Colombo, Human Rights, Peace and Conflict

TOLERATING THE INTOLERABLE: AN EPILOGUE TO UVINDU

Uvindu Kurukulasuriya’s inaugural piece in Groundviews is an aptly Niemölleresque exhortation to greater civic responsibility in the defence of political freedom, civil liberties and the Rule of Law. It comes at a time when Sri Lanka is once again returning to a ‘Bheeshana Yugaya’, the previous experiences of which should have toughened the resolve of Sri Lankans to never allow a repeat. It appears, however, that rather than resistance, that experience has inured Sri Lankans to serial abuse much like a tragic case of battered wife syndrome.

I would like to offer some further parallels in addition to the historical ones that Uvindu mentions in his article. In September 1930, Hitler was called to testify at a trial of three army officers accused of high treason for infiltrating the army with Nazi propaganda. He stated: “The national-socialist movement will try to attain its aims in this State by constitutional means. The constitution only prescribes the methods but not the goal. We will try to obtain the necessary majorities in the legislative bodies by constitutional means in order to mould the State, once we have succeeded, into the form which conforms to our ideas.” Thus it was not through revolution or a coup d’etat but rather through the democracy offered by the liberal constitution of the inter-war Weimar Republic that the Nazis seized power.
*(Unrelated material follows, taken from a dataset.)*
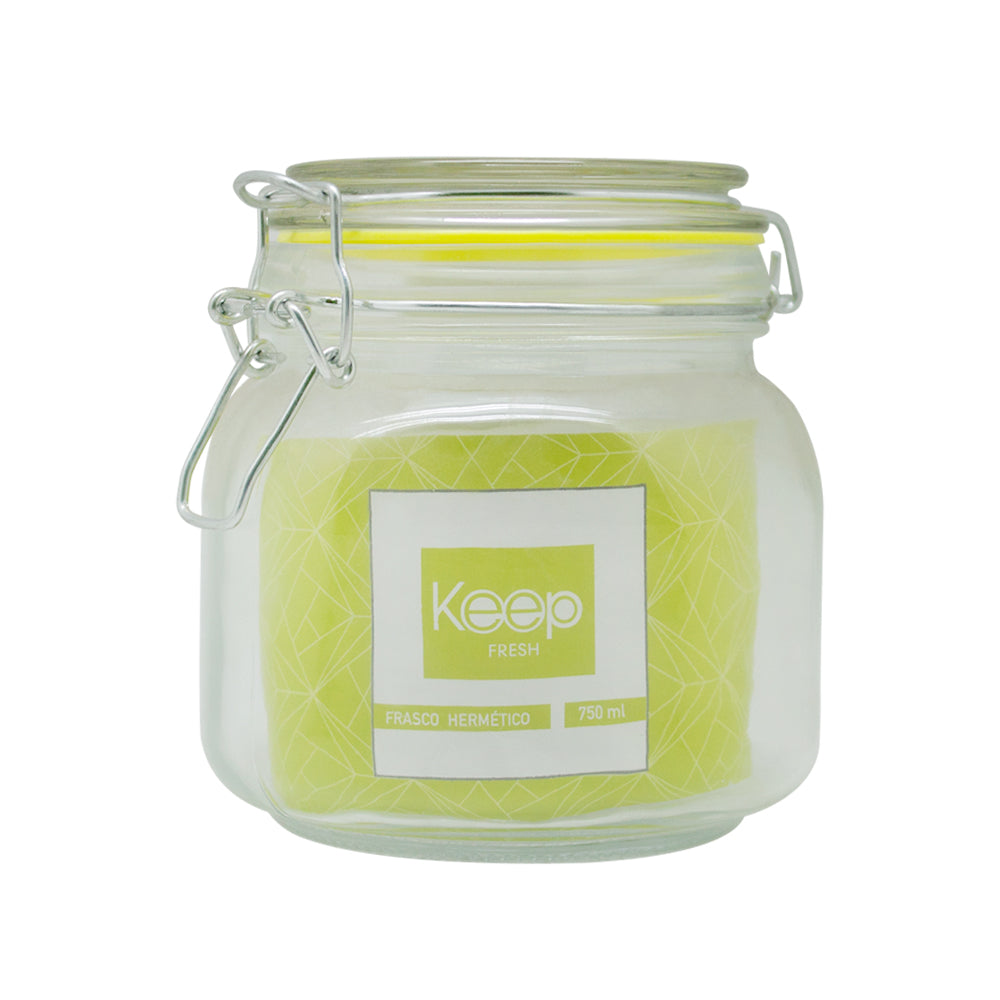 Frasco Keep Hermético de Vidrio 750ml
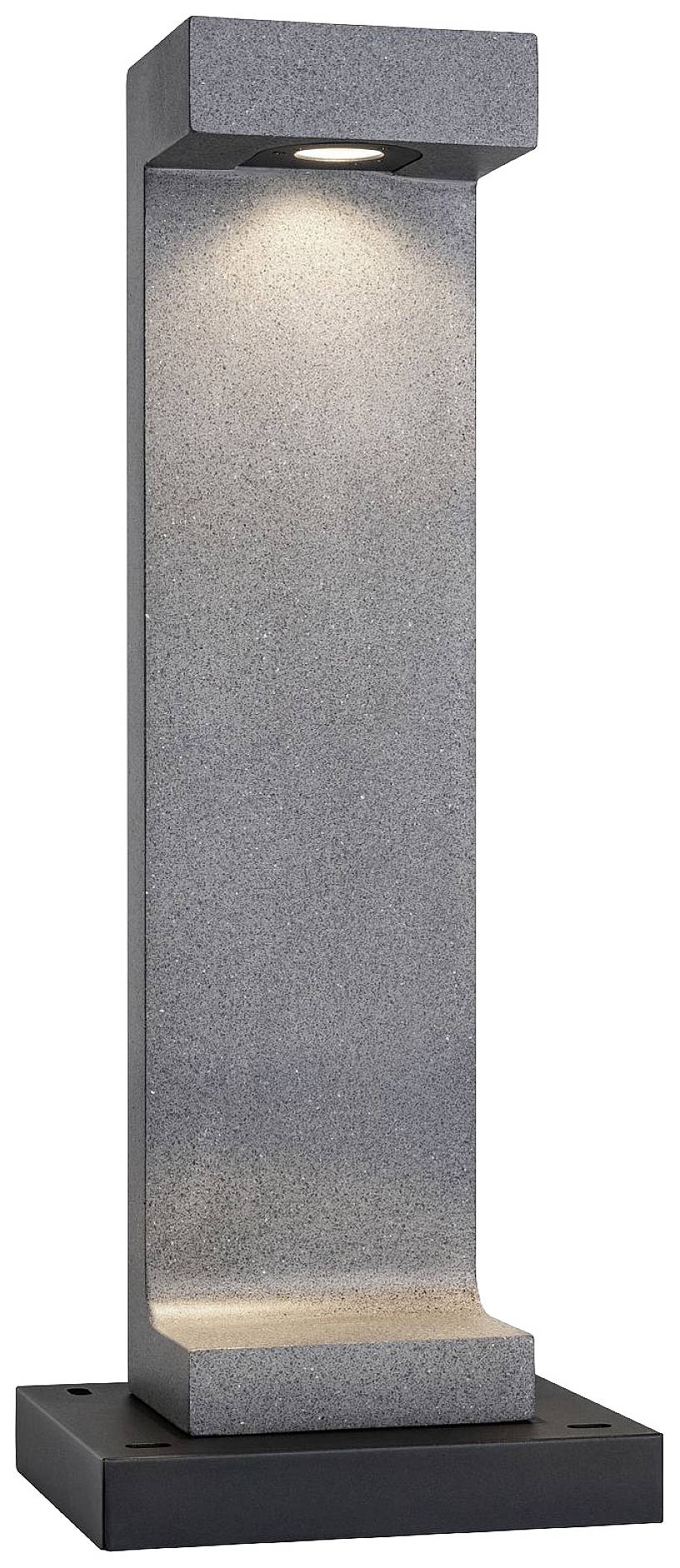 Paulmann 94502 LED-Pollerleuchte 9W schwarzer Sandstein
It is also interesting to note that the system of proportional representation in the Weimar constitution meant that the Nazis were unable to gain an outright electoral majority, but focussed on regime consolidation once they had a foothold in the Reichstag, including through the passage of the Ermaechtigungsgesetz, which alienated parliamentary power to the executive.

Thus democracy itself validated a political movement that negated democracy through its mandate. This paradox at the heart of the democratic ideal is addressed by liberals by recourse to arguments about natural law and rights inhering in the human being that cannot be annulled by any political authority however legally or legitimately constituted. Thus constitutionalism, the Rule of Law and fundamental rights are advanced as the inviolable bulwark against the temporary tyranny of democratic majorities as well as ideologies of political power that seek to subordinate the individual to the collective and freedom to authority.

Carl Schmitt, the most famous intellectual apologist of the Nazis, however, thought differently. In his attack on liberal democracy and constitutionalism, he argued that the liberal view of politics based on liberty, individual autonomy and freedom of choice was irrelevant to understanding the real nature of politics. To him, politics is a permanent state of crisis in which the basic reducible relationship is that between friend and foe. That is, the central political calculation is deciding whether one is with us, or against us. Thus the state of emergency which this permanent crisis entails is the exception to the liberal democratic norm of constitutional government. In this permanent ‘exception’ there are no norms, no rules, no law. There is only the political calculation of survival against the ‘enemy’, which in the Nazi worldview extended from political detractors such as Leftists and liberals to eugenic inferiors such as Jews and the Roma. In Schmitt’s theory, the decision whether the state of exception existed was the sole prerogative of the sovereign dictator, and having proclaimed such state of exception, the sovereign dictator is only bound to make the correct decisions that ensure the survival of the State. Neither he nor his decrees are bound by liberal constraints such as constitutionality or political morality; his legitimacy comes from the fact that he exercises power in defence of the State against the enemy.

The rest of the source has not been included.